Version-Release number of selected component (if applicable):
Steps to Reproduce:
1.install a fsc xeon box with rh 7.2
2.install a squid and a apache
3.simulate traffic ( 100 requests/s )
4.wait 1 or 2 weeks and monitor the load
if you can enable sysreq ("echo 1 > /proc/sys/kernel/sysrq") then using the
alt-sysrq-t key combination will spew a kernel debug stream to syslog. based on
that it's possible to see why/where the load is so high, please attach such
output here. (but only in the problem scenario; in the "healthy" case it's no use)

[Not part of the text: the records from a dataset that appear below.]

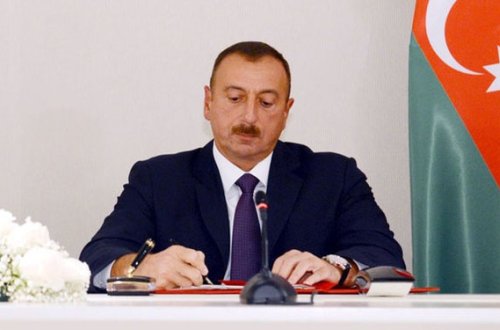 İlham Əliyev orden və medallar verdi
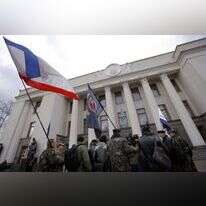 מחאת יוצאי צבא אוקראינה נגד סיפוח חצי האי קרים לרוסיה, מול מפקדת הפרלמנט האוקראיני, 2014. | EPA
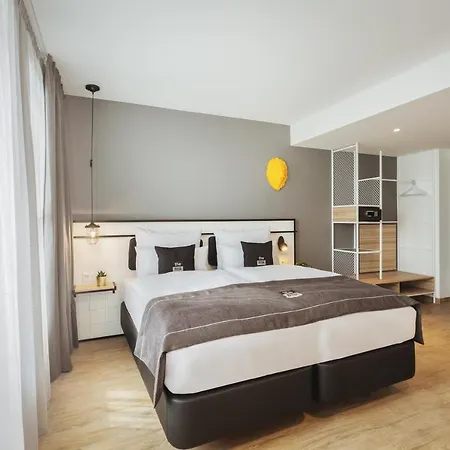 The Niu Leo - Aparthotel *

There are two separate bugs here: the obviously incorrect cpu usage (which may
be related to a missed timer tick or incorrect time accounting in the kernel),
and the high load triggering process death (likely a vm issue).

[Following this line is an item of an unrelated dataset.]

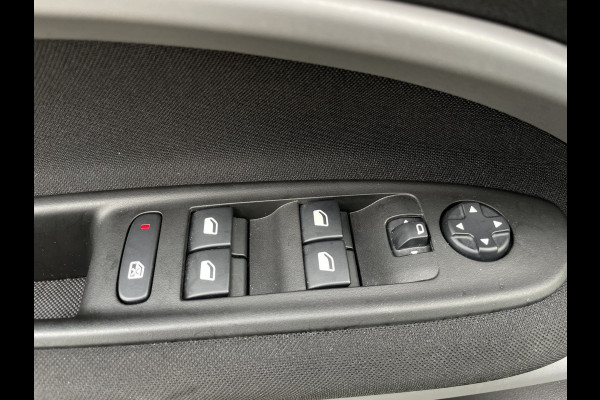 Jeep Avenger 1.2 Longitude | parkeersensoren rijdende auto niet altijd aanwezig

Created attachment 88791 [details]
here is the kernel debug stream
looks like it got stuck on NFS :(
we had the same problems without nfs. we can unmount the nfs devices and send
you a new debug stream.
Created attachment 88795 [details]
new debug stream
after umount all nfs shares, stop the nfs services, and rmmod the nfs kernel
modul. the load is still 4.
fyi: we have the same problems as descriped in bug id: 64984. perhaps our
load problems may result from this bug.
ok, we have the same problems with redhat advanced server. we solved our nfs
problems and the problem is still here.
Created attachment 89234 [details]
debug output advanced server
Created attachment 89235 [details]
the same file again / without auto-detect content type
Created attachment 89236 [details]
Created attachment 89237 [details]
is there a way to get the kernel debug stream without pressing the sysrq keys ?
Created attachment 89243 [details]
interesting top output --> kswapd
Created attachment 89341 [details]
new rh 7.2 kernel debug stream
We would need some more information, related to your finding about kswapd.
We would need the data from:
when the problem occurs. It will give us more depth into the problem, now that
we know that kswapd might be a problem.
Created attachment 89356 [details]
top vmstat and ps output while the load is high
Let me know if this is still a problem.